Friday, October 19, 2007

Braised Collard Greens

"Oh please! Not collard greens again," I thought looking at the huge floppy leaves sticking out of the CSA bags Jason carried into the kitchen.

When people ask me if there is a fish or a vegetable I don't like, I often have a hard time coming up with an example. But even omnivore like me has some that I simply can't get excited about. Shh -- don't tell anyone, but I am not crazy about tilapia and as far as the veggies go I used hate collard greens. I still haven't found a recipe to convert me into tilapia lover, but collard greens are no longer unwanted guests in my kitchen.

After trying every cooking technique that I've successfully used on collard greens' cousins, swiss chard and kale, and ending up with tasteless tough leaves, I finally threw in a towel and looked up a recipe on epicurious. With Sammy's short naps there was no time to research them in detail, so I sorted them by rating and picked the one that most people were happy with. Well, I am a believer now. Collard greens can be good. All you need is some bacon, apple cider vinegar, brown sugar, and a VERY long cooking time.


1/2 pound sliced bacon, cut crosswise into fourths
3 medium red or yellow onions, chopped coarse (about 3 cups)
1 1/4 cups chicken broth
1/4 cup cider vinegar
2 tablespoons firmly packed dark brown sugar, or to taste
1/2 teaspoon dried hot red pepper flakes, or to taste
4 pounds collard greens (that's about 2 bunches), coarse stems and
ribs discarded and leaves and thin stems washed well, drained, and
chopped coarse

In a deep heavy kettle cook bacon in 2 batches over moderate heat until crisp and transfer to paper towels to drain. Pour off all but about 3 tablespoons drippings and in drippings remaining in kettle cook onions, stirring occasionally, until browned slightly and softened. Transfer onions with a slotted spoon to a bowl.
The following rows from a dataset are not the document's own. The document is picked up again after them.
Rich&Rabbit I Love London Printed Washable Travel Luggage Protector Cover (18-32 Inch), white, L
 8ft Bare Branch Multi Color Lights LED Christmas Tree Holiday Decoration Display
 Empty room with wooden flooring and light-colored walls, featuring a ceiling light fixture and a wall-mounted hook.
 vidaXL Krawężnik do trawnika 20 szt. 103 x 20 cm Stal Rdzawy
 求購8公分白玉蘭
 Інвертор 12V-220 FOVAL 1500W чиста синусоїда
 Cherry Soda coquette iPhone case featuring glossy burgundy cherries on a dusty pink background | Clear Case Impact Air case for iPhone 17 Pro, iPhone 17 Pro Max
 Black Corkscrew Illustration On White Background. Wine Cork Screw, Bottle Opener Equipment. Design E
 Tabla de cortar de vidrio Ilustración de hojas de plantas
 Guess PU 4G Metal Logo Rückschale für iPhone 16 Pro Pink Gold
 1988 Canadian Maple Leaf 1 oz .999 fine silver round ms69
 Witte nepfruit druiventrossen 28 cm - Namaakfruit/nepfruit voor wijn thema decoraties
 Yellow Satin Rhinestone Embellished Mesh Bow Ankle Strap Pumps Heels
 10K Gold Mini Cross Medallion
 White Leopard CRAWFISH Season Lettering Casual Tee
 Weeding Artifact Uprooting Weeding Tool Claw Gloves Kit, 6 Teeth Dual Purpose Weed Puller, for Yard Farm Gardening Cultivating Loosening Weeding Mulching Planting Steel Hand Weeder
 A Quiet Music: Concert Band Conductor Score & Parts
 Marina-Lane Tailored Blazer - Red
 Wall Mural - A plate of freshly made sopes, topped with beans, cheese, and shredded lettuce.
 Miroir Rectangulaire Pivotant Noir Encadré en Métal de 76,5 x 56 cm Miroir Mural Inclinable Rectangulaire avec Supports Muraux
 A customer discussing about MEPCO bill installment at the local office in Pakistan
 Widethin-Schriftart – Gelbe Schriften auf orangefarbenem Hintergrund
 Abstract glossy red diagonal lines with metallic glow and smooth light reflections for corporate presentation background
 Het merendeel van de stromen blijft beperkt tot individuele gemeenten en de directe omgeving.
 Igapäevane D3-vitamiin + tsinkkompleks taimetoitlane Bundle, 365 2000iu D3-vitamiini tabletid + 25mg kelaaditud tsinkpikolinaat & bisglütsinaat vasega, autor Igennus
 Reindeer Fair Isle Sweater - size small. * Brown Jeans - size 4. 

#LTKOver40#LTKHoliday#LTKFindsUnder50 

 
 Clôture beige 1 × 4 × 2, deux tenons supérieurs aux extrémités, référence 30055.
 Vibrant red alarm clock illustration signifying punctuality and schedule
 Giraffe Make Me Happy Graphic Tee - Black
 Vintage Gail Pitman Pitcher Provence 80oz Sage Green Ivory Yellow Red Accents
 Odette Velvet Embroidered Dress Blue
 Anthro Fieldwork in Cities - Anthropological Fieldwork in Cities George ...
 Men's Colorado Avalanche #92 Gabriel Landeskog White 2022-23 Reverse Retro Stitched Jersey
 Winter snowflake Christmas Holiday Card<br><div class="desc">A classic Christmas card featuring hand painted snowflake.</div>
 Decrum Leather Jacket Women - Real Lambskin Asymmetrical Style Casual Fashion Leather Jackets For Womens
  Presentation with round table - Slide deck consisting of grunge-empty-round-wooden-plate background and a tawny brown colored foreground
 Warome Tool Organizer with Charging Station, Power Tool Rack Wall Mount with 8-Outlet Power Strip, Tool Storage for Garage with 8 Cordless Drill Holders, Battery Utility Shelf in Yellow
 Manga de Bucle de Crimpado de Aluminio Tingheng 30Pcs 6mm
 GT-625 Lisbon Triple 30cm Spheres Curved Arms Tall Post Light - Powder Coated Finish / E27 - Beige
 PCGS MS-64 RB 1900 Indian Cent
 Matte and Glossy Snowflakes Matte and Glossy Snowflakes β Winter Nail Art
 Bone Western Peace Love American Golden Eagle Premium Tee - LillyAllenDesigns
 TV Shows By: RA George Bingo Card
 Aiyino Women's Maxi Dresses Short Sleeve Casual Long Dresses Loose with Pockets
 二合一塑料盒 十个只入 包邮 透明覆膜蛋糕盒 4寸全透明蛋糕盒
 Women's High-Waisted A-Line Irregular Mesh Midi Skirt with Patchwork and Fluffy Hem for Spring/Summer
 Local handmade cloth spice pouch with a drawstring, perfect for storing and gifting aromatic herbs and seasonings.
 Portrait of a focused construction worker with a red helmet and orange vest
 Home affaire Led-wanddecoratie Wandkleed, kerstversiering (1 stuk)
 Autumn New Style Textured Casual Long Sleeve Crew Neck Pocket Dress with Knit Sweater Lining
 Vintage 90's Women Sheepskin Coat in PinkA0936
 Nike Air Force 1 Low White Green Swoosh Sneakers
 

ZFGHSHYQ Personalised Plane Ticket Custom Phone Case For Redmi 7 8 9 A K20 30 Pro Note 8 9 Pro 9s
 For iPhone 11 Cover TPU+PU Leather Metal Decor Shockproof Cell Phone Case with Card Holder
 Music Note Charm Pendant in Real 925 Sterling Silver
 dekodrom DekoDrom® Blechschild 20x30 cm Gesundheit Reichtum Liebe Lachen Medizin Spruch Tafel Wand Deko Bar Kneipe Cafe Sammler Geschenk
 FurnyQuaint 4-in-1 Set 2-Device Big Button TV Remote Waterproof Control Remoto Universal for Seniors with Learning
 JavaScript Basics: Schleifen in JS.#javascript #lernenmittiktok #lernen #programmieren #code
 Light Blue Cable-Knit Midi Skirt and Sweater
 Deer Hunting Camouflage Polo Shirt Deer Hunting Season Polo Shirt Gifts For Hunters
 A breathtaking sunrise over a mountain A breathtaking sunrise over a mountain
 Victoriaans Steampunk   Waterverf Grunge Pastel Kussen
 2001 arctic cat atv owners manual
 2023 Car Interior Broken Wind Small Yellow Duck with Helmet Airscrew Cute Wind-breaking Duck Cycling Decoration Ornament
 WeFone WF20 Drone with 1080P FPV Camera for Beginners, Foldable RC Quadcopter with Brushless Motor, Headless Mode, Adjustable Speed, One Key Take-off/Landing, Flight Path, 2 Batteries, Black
To kettle add broth, vinegar, brown sugar, red pepper flakes, and about half of bacon, stirring until sugar is dissolved. Add about half of collards, tossing until wilted slightly, and add remaining collards, tossing until combined. Simmer collards, covered, 30 minutes. Stir in onions and simmer, covered, 30 minutes more, or until collards are very tender.

Serve collards topped with remaining bacon.